## Task directions
Please give again exactly the lines from the top of the material through the line with "10 Quarry Lake"; omit each picture.

## The data
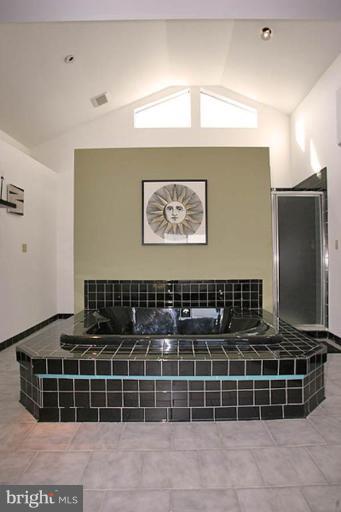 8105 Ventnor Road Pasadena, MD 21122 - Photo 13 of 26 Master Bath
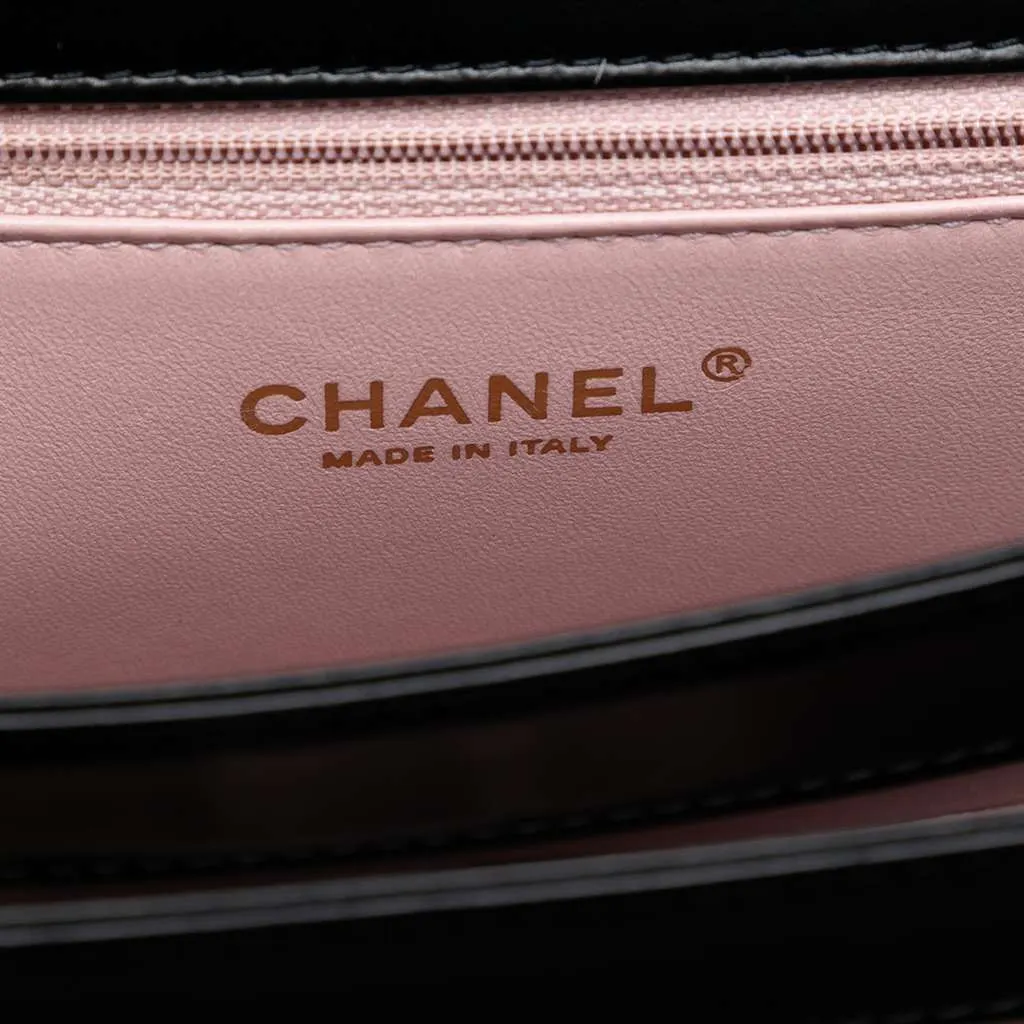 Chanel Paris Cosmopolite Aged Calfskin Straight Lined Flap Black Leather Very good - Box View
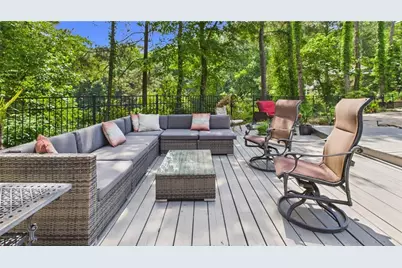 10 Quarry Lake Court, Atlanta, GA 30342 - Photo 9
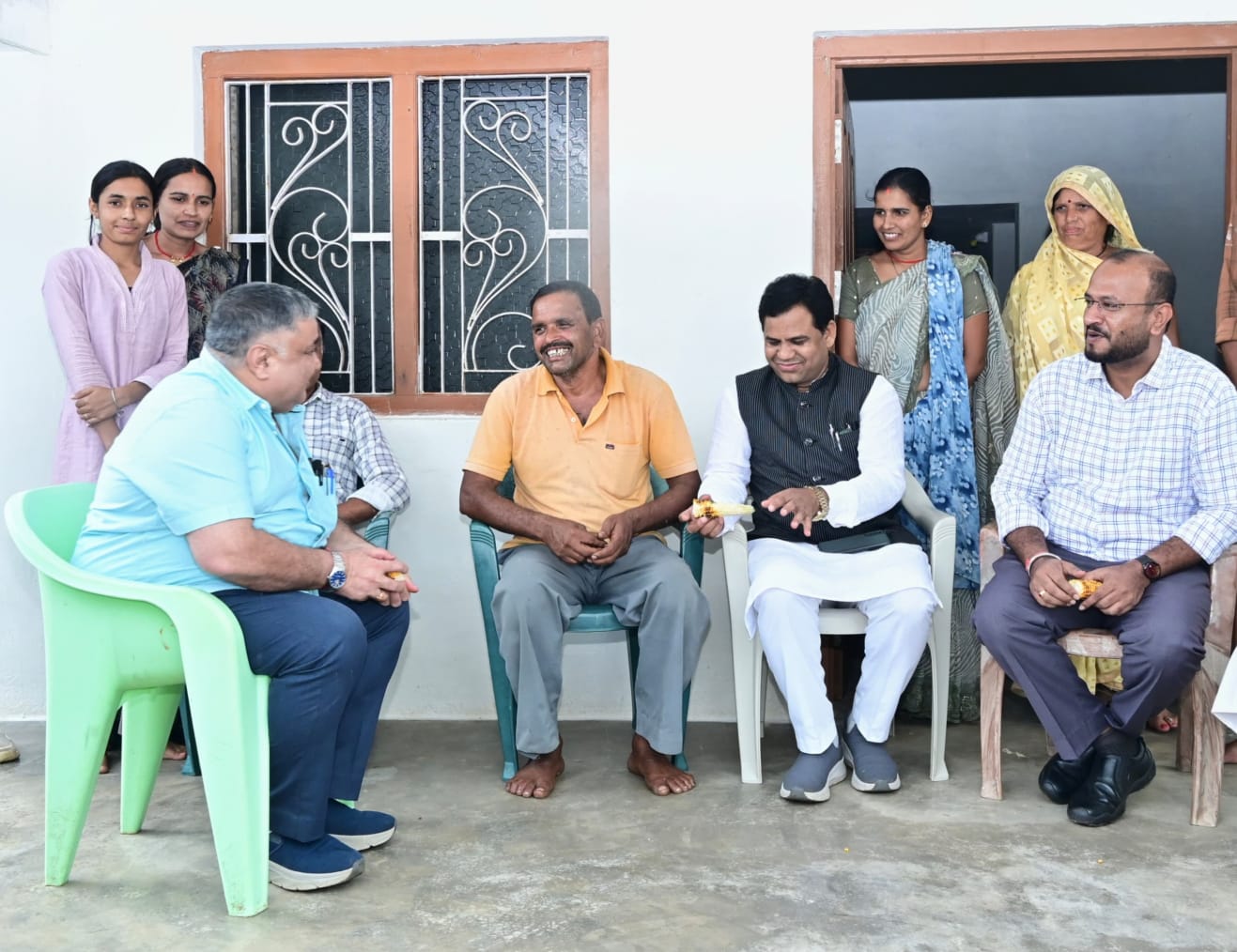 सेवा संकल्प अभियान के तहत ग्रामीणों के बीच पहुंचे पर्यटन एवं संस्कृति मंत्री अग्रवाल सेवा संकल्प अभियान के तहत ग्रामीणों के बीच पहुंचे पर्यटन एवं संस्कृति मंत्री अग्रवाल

## Output of the task
 8105 Ventnor Road Pasadena, MD 21122 - Photo 13 of 26 Master Bath
 Chanel Paris Cosmopolite Aged Calfskin Straight Lined Flap Black Leather Very good - Box View
 10 Quarry Lake Court, Atlanta, GA 30342 - Photo 9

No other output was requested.